F = summary(aov(lm(score ~ group, data)))[[1]]$F[1]
F
[1] 1.692487

More samples

let’s take more samples and calculate the F-value every time.

n.samples = 1000

f.values = vector()

for(i in 1:n.samples) {
  
  x.1 = rnorm(n, mu, sigma); x.1
  x.2 = rnorm(n, mu, sigma); x.2

  data <- data.frame(group = rep(c("s1", "s2"), each=n), score = c(x.1,x.2))
    
  f.values[i] = summary(aov(lm(score ~ group, data)))[[1]]$F[1]

}

k = 2
N = 2*n

df.model = k - 1
df.error = N - k

hist(f.values, freq = FALSE, main="F-values", breaks=100)
F = seq(0, 6, .01)
lines(F, df(F,df.model, df.error), col = "red")

F-distribution

So if the population is normaly distributed (assumption of normality) the f-distribution represents the signal to noise ration given a certain number of samples (\({df}_{model} = k - 1\)) and sample size (\({df}_{error} = N - k\)).

The F-distibution therefore is different for different sample sizes and number of groups.

F-distribution

multiple.n  = c(5, 15, 30)
multiple.k  = c(2, 4, 6)
multiple.df.model = multiple.k - 1
multiple.df.error = multiple.n - multiple.k
col         = rainbow(length(multiple.df.model) * length(multiple.df.error))
F = seq(0, 10, .01)

plot(F,  df(F, multiple.df.model[1], multiple.df.error[1]), type = "l", 
     xlim = c(0,10), ylim = c(0,.85), 
     xlab = "F", ylab="density", 
     col  = col[1], main="F-distributions" )

dfs = expand.grid(multiple.df.model, multiple.df.error)

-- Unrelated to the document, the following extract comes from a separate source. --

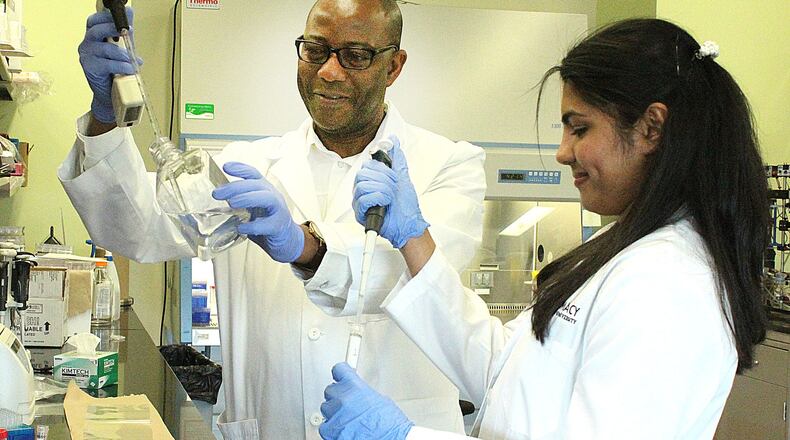 Cedarville University pharmacy student (right) Christy Varghese and Samson Amos Ph.D. practice taking samples in the pharmacy lab. JEFF GUERINI/STAFF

for(i in 2:dim(dfs)[1]) { 
  
  lines(F, df(F, dfs[i,1], dfs[i,2]), col=col[i])
  
  critical.f <- qf(.95, dfs[i,1], dfs[i,2])
  
  f.alpha <- seq(critical.f, 1000, .01)
  
  polygon(c(f.alpha, rev(f.alpha)), c(df(f.alpha, dfs[i,1], dfs[i,2]), f.alpha*0 ), col= rgb(1,.66,0, .5), border = col[i])
  
  lines(c(critical.f+.1, 5), c(.02, .2), col=col[i])
        
}

text(5,.2, expression(paste(alpha, "= 5%")), pos =3)

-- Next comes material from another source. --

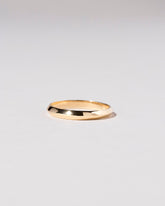 Gold 3mm Knife Edge Band on light color background.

legend("topright", legend = paste("df model =",dfs[,1], "df error =", dfs[,2]), lty=1, col = col, cex=.75)

F-distribution

Animated F-distrigutions

Nonparametric tests

Parametric vs Nonparametric

Attribute Parametric Nonparametric
distribution normaly distributed any distribution
sampling random sample random sample
sensitivity to outliers yes no
works with large data sets small and large data sets
speed fast slow

Ranking

x = c(1, 4, 6, 7, 8, 9)
y = c(1, 4, 6, 7, 8, 39)

layout(matrix(1:2, 1, 2))
boxplot(x, horizontal=T, col='red')
boxplot(y, horizontal=T, col='red')

kable(rbind(rx = rank(x), ry = rank(y)))
rx 1 2 3 4 5 6
ry 1 2 3 4 5 6

Ties

# Scores
x = c(11, 42, 62, 73, 84, 84, 42, 73, 90); x
[1] 11 42 62 73 84 84 42 73 90
# sort
sort(x)
[1] 11 42 42 62 73 73 84 84 90
# assign ranks
1:length(x)
[1] 1 2 3 4 5 6 7 8 9
# solve for ties
rank(sort(x))
[1] 1.0 2.5 2.5 4.0 5.5 5.5 7.5 7.5 9.0

\[\frac{2 + 3}{2} = 2.5, \frac{5 + 6}{2} = 5.5, \frac{7 + 8}{2} = 7.5\]

Procedure

  1. Assumption: independent random samples.
  2. Hypothesis:
    \(H_0\) : equal population distributions (implies equal mean ranking)
    \(H_A\) : unequal mean ranking (two sided)
    \(H_A\) : higher mean ranking for one group.
  3. Test statistic is difference between mean or sum of ranking.
  4. Standardise test statistic
  5. Calculate P-value one or two sided.
  6. Conclude to reject \(H_0\) if \(p < \alpha\).

Kruskal–Wallis test

Independent >2 samples

Kruskal–Wallis test

Created by William Henry Kruskal (L) and Wilson Allen Wallis (R), the Kruskal-Wallis test is a nonparametric alternative to the independent one-way ANOVA.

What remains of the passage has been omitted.